> About this task
Nothing after the line with "Polcar IE140884 Front" belongs in the copy; extract the lines below from the top through that line, pictures left out.

Top of Recorded information

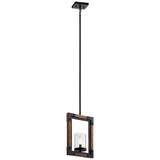 Kichler Marimount 10 1/2" Wide Auburn Stained Mini Pendant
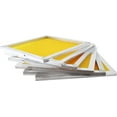 thumbnail image 2 of INTBUYING 6PCS 20"*20" Aluminum Pre-Stretched Silk Screen Printing Frame with 200 Mesh (80T) Yellow DIY with Metal Scraper, 2 of 8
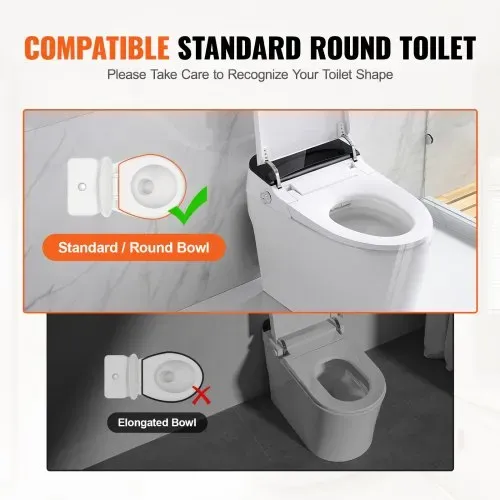 VEVOR Toilettensitzerhöhung, 88,9 mm Hoch, Tragkraft 136 kg, für Runde Standardtoiletten, Aluminium-Handlauf, mit EVA-Armlehnenpolster, für Senioren, Behinderte, Patienten, Schwangere, Mediziner – Bild 2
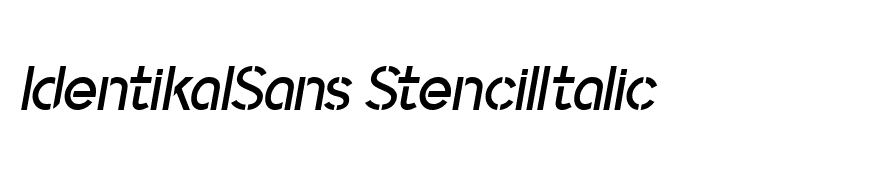 IdentikalSans StencilItalic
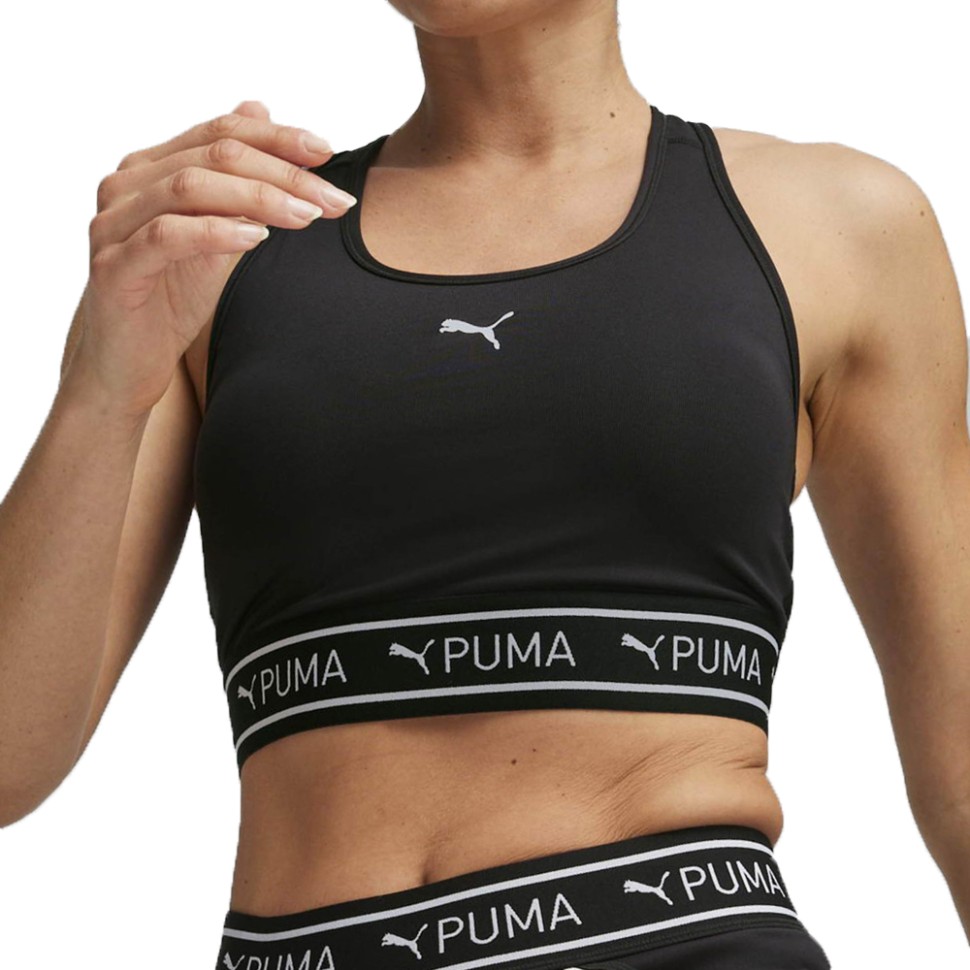 Бра жіночий Puma 4KEEPS ELASTIC BRA - P чорний 52531901 — фото 1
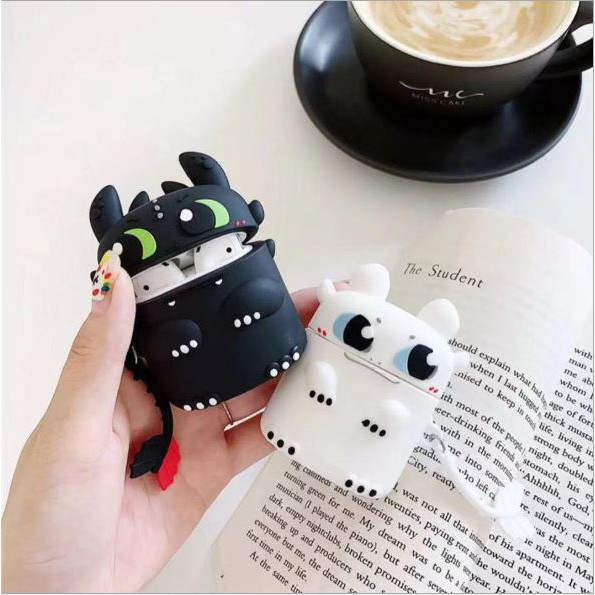 🔥Case Airpods Bảo Vệ Tai Nghe Hình Dễ Thương Cho Hộp Sạc Tai Nghe Bluetooth AirPods 2 Case AirPod 1 2🔥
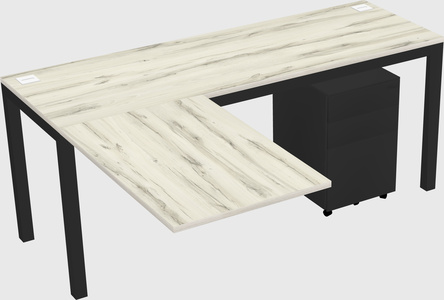 L-shaped desk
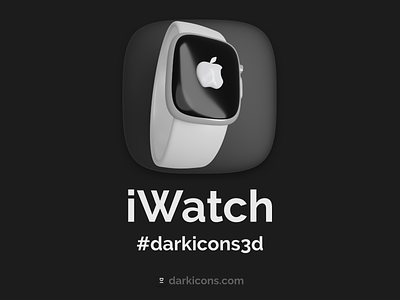 iWatch 3D Icon 3d 3dicon apple darkicons3d design download icon ios iwatch mobile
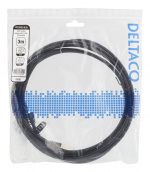 DELTACO S/FTP Cat6 patchkabel, 3m, 250MHz, UV-resistent, svart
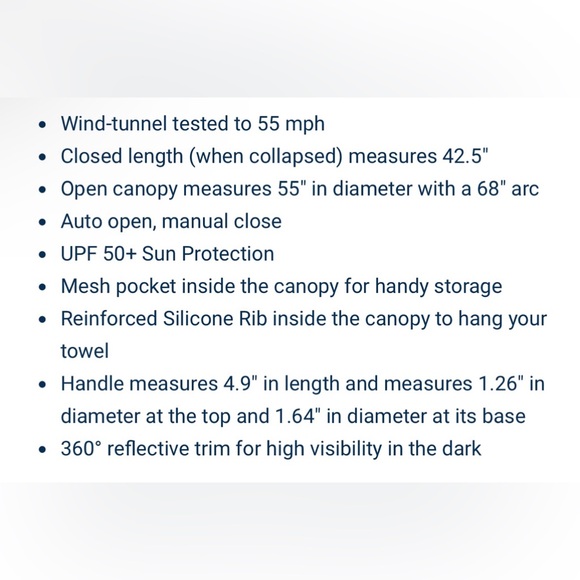NEW Weatherman x Arnold Palmer Collapsible Golf Umbrella Green Signature Drinks - Picture 7 of 7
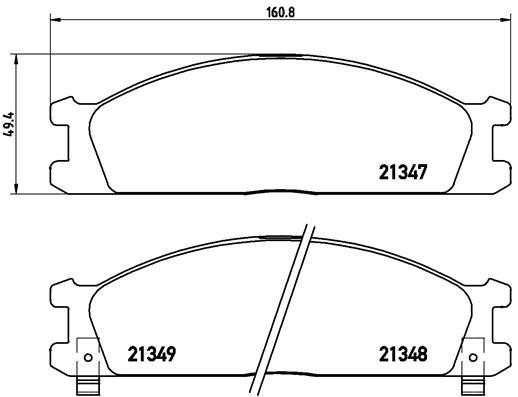 Polcar IE140884 Front disc brake pads, set IE140884: Buy near me in Poland at 2407.PL - Good price!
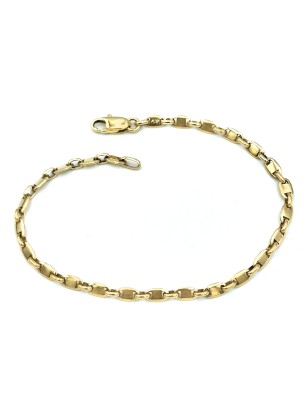 Bracelet gold K14 ovalina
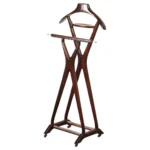 Italian Modern Fratelli Reguitti Sculptural Stained Mahogany X-Form Valet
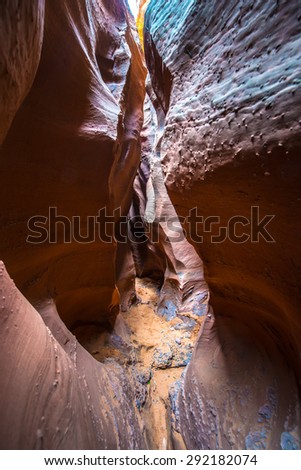 Spooky Gulch Short Canyon Grand Staircase-Escalante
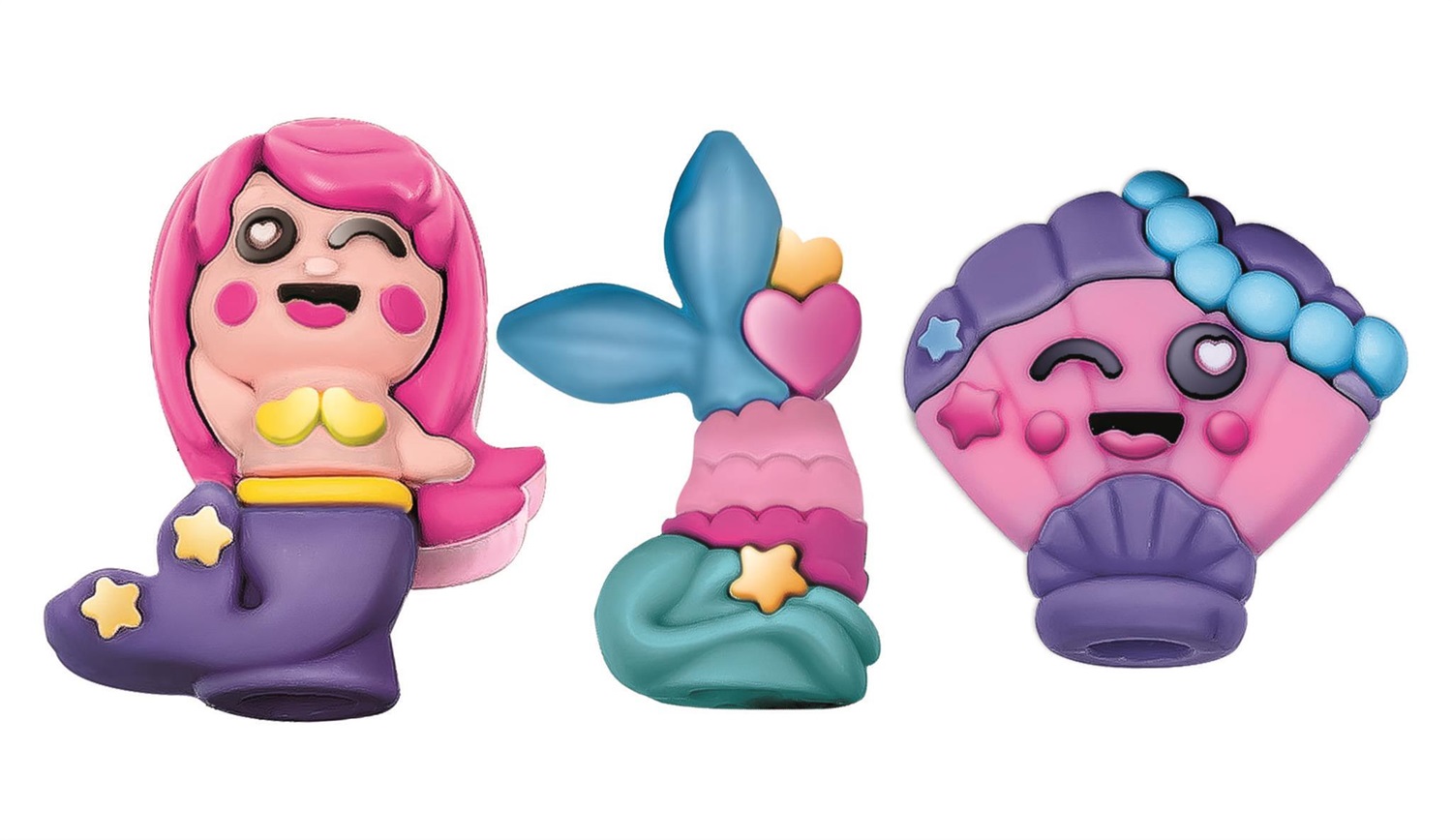 Clementoni Create Your Pens Magical Mermaids - Kit Creativo per Bambini 6 Anni con 3 Penne Personalizzabili, Inchiostri e Accessori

Bottom of Recorded information

> Expected answer
 Kichler Marimount 10 1/2" Wide Auburn Stained Mini Pendant
 thumbnail image 2 of INTBUYING 6PCS 20"*20" Aluminum Pre-Stretched Silk Screen Printing Frame with 200 Mesh (80T) Yellow DIY with Metal Scraper, 2 of 8
 VEVOR Toilettensitzerhöhung, 88,9 mm Hoch, Tragkraft 136 kg, für Runde Standardtoiletten, Aluminium-Handlauf, mit EVA-Armlehnenpolster, für Senioren, Behinderte, Patienten, Schwangere, Mediziner – Bild 2
 IdentikalSans StencilItalic
 Бра жіночий Puma 4KEEPS ELASTIC BRA - P чорний 52531901 — фото 1
 🔥Case Airpods Bảo Vệ Tai Nghe Hình Dễ Thương Cho Hộp Sạc Tai Nghe Bluetooth AirPods 2 Case AirPod 1 2🔥
 L-shaped desk
 iWatch 3D Icon 3d 3dicon apple darkicons3d design download icon ios iwatch mobile
 DELTACO S/FTP Cat6 patchkabel, 3m, 250MHz, UV-resistent, svart
NEW Weatherman x Arnold Palmer Collapsible Golf Umbrella Green Signature Drinks - Picture 7 of 7
 Polcar IE140884 Front disc brake pads, set IE140884: Buy near me in Poland at 2407.PL - Good price!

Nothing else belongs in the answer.